Miriam Sjoblom: Switching gears a little bit, another important part of your investment process is kind of getting a big-picture view of the economy and where it's headed. And in your latest commentary that came out this summer, you said your outlook was to be short-term bullish and long-term scared, which is a reversal of what your mantra has been in the past. Can you explain that a little bit?
John Calamos: Sure. We do think the equity market's valuations are still very compelling in here. That's the short-term bullish. Valuations are attractive in here. We think we're coming back. It looks like the economy is getting better.
We're long-term scared. When we look at inflation out there, we're not convinced, or we don't want to make the bet--maybe that's the way to put it--that the Fed will just be able to maneuver this so exactly right that the markets will not be severely impacted by inflation.

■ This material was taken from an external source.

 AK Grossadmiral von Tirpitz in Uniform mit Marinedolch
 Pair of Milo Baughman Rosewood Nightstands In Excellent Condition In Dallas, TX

So the short-term bullish is valuations are very compelling in here. We're seeing good valuations. We see growth stocks being undervalued even though they perform very well in here. High-yield has done very well. Convertibles have done very well. International securities have done well. So we see that. That's our short-term bullish.

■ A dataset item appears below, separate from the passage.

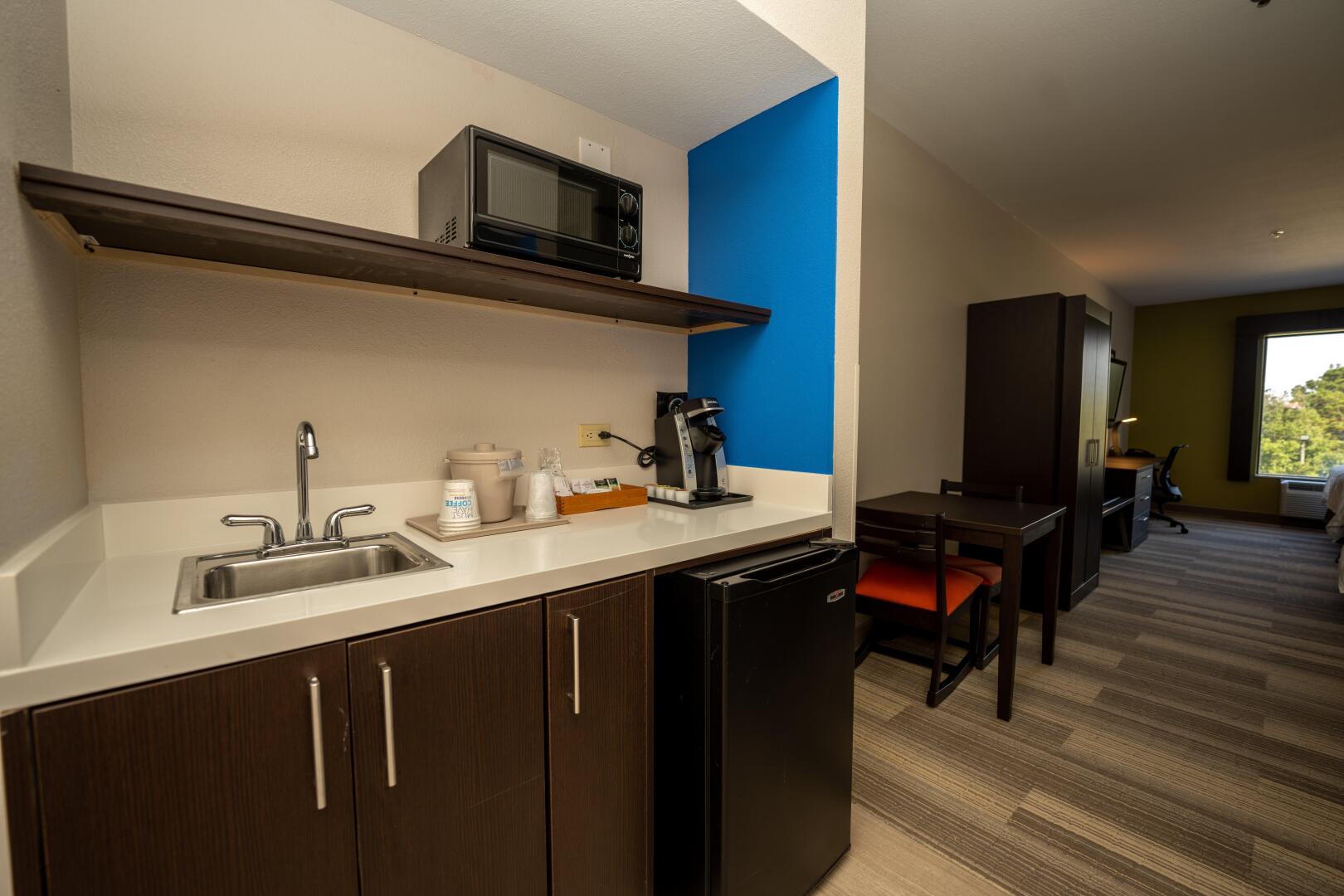 Holiday Inn Express & Suites Deer Park by IHG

Long-term scared, this inflation spectrum can severely impact sector allocations, can severely impact bond values in here, and it's going to be very difficult to time that. And so that's where we're concerned.
Sjoblom: OK. What are the implications of your outlook for how you're positioning the funds? But also, what are the implications for investors out there?

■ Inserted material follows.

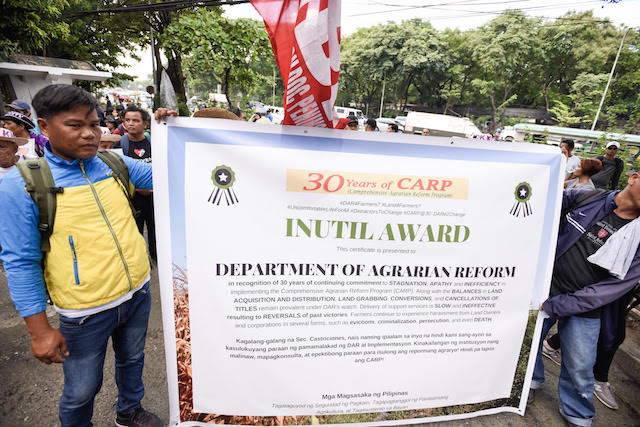 USELESS. Farmers slam DAR for being unable to distribute more land for farmers. Photo by Maria Tan/Rappler   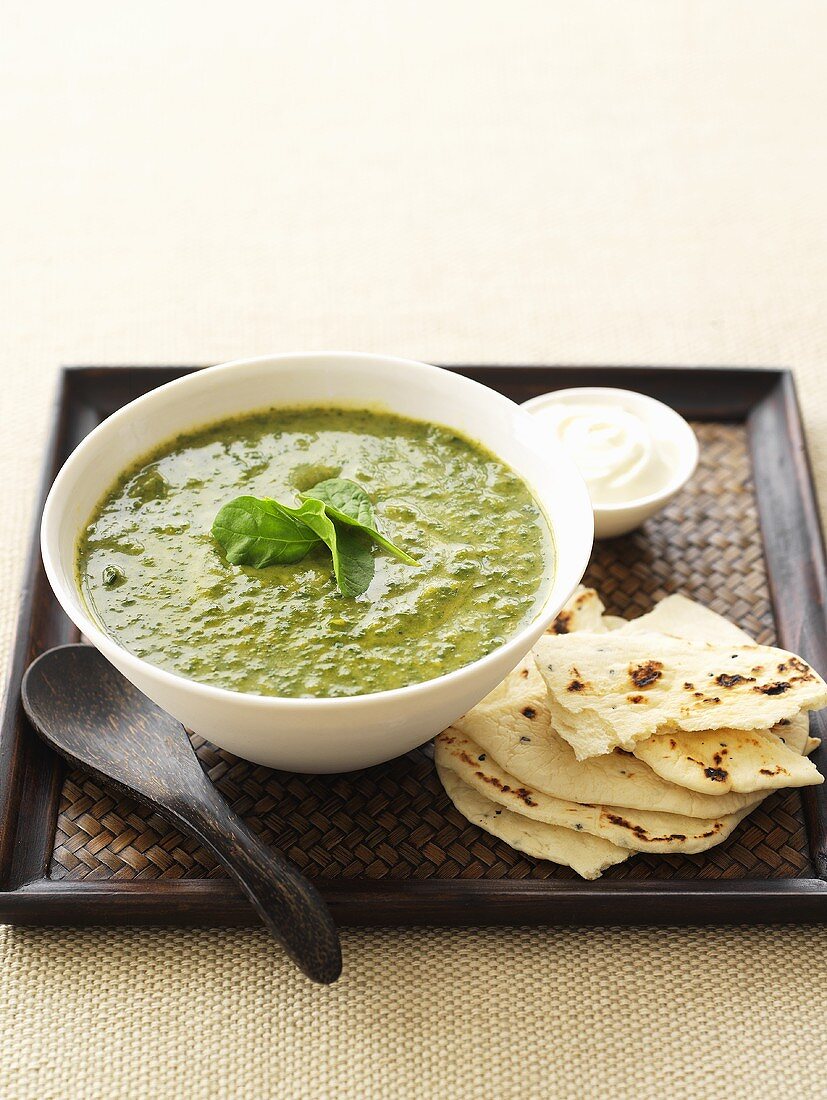 Spinat-Curry-Suppe mit Naan-Brot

Calamos: Well, I think investors need to be aware of that. It has a lot to do with their asset allocation, stocks versus bonds and those type of things. High inflation could be signaling a weaker dollar, [so] maybe [consider] going more global, looking for companies that are more global. We tend to do that in our growth fund, for example. In fact, many of the companies have 40%, 50% of their revenues from outside the United States. We think that's a positive.
Valuations are still very compelling there, even though the fund has done very well this year. So those are the implications. And the way we position the portfolio to help us in these areas, we have an overweight to energy and materials, more commodity-related than we've ever been in the past, to really maybe offset, take advantage of that. Any time there's a problem, there's also an opportunity. It's recognizing the problem and taking advantage of the opportunities.